MSc, professor at the Instituto Federal de Educação Tecnológica de São Paulo (IFSP).
Doctoral degree, adjunct professor in the graduate program of the Health Informatics Department, UNIFESP.
Braz J Otorhinolaryngol. 2011 Jul-Aug;77(4):488-498. doi: 10.1590/S1808-86942011000400013.
The International Classification of Sleep Disorders lists 90 disorders. Manifestations, such as snoring, are important signs in the diagnosis of the Obstructive Sleep Apnea Syndrome; they are also socially undesirable.
The aim of this paper was to present and evaluate a computerized tool that automatically identifies snoring and highlights the importance of establishing the duration of each snoring event in OSA patients.

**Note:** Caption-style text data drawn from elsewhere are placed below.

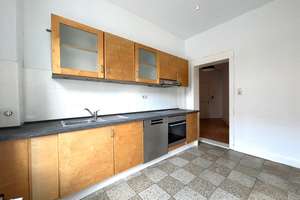lichtdurchflutete Altbauwohnung mit Erker! – Kaiserstraße  83, 24143 Gaarden-Ost, Kiel – Vorschaubild 4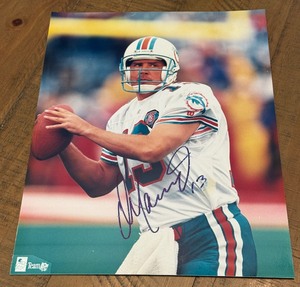 Dan Marino Autographed 8x10 Miami Dolphins Football Photo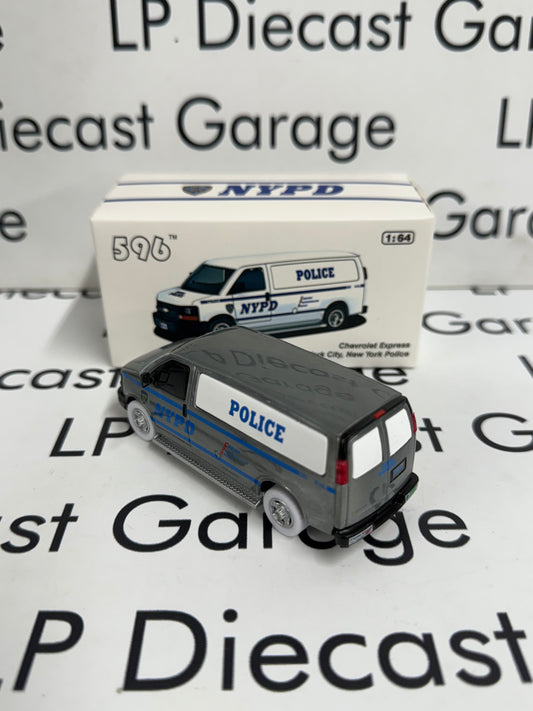 RAW CHASE 596 Model Chevrolet Express Van Responder NYPD Police 1:64 Diecast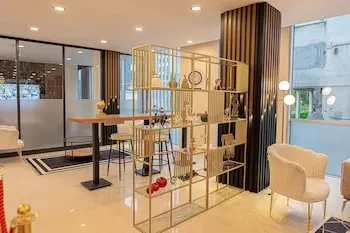 City Night Suites & Hotels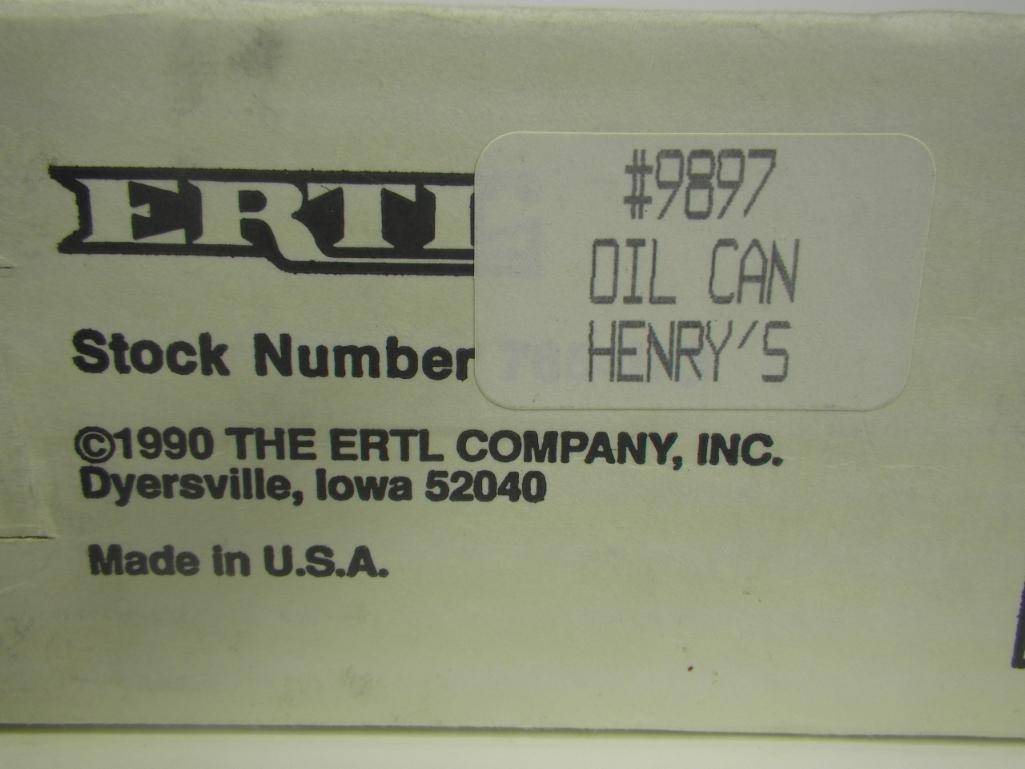 Ertl 1931 Hawkeye "Oil Can Henry's" Tanker Bank w/Key & Box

The low-sampling (200 Hz) electrical signal that indicates snoring was measured during polysomnography. The snoring sound of 31 patients was automatically classified by the software. The Kappa approach was applied to measure agreement between the automatic detection software and a trained observer. Student's T test was applied to evaluate differences in the duration of snoring episodes among simple snorers and OSA snorers.
Of a total 43,976 snoring episodes, the software sensitivity was 99. 26%, the specificity was 97. 35%, and Kappa was 0. 96. We found a statistically significant difference (p <0. 0001) in the duration of snoring episodes (simple snoring x OSA snorers).
This computer software makes it easier to generate quantitative reports of snoring, thereby reducing manual labor.
国际睡眠障碍分类列出了 90 种障碍。表现,如打鼾,是阻塞性睡眠呼吸暂停综合征诊断中的重要标志;它们也是社会所不希望的。
本文旨在介绍和评估一种计算机工具,该工具可自动识别打鼾,并强调在 OSA 患者中确定每个打鼾事件持续时间的重要性。
在多导睡眠图期间测量指示打鼾的低采样(200Hz)电信号。31 名患者的打鼾声由软件自动分类。应用 Kappa 方法来测量自动检测软件和经过训练的观察者之间的一致性。应用学生 t 检验来评估单纯性打鼾者和 OSA 打鼾者之间打鼾事件持续时间的差异。
在总共 43976 次打鼾事件中,软件的灵敏度为 99.26%,特异性为 97.35%,Kappa 值为 0.96。我们发现打鼾事件持续时间(单纯性打鼾者与 OSA 打鼾者)存在统计学显著差异(p<0.0001)。
这种计算机软件使得生成打鼾的定量报告更加容易,从而减少了人工劳动。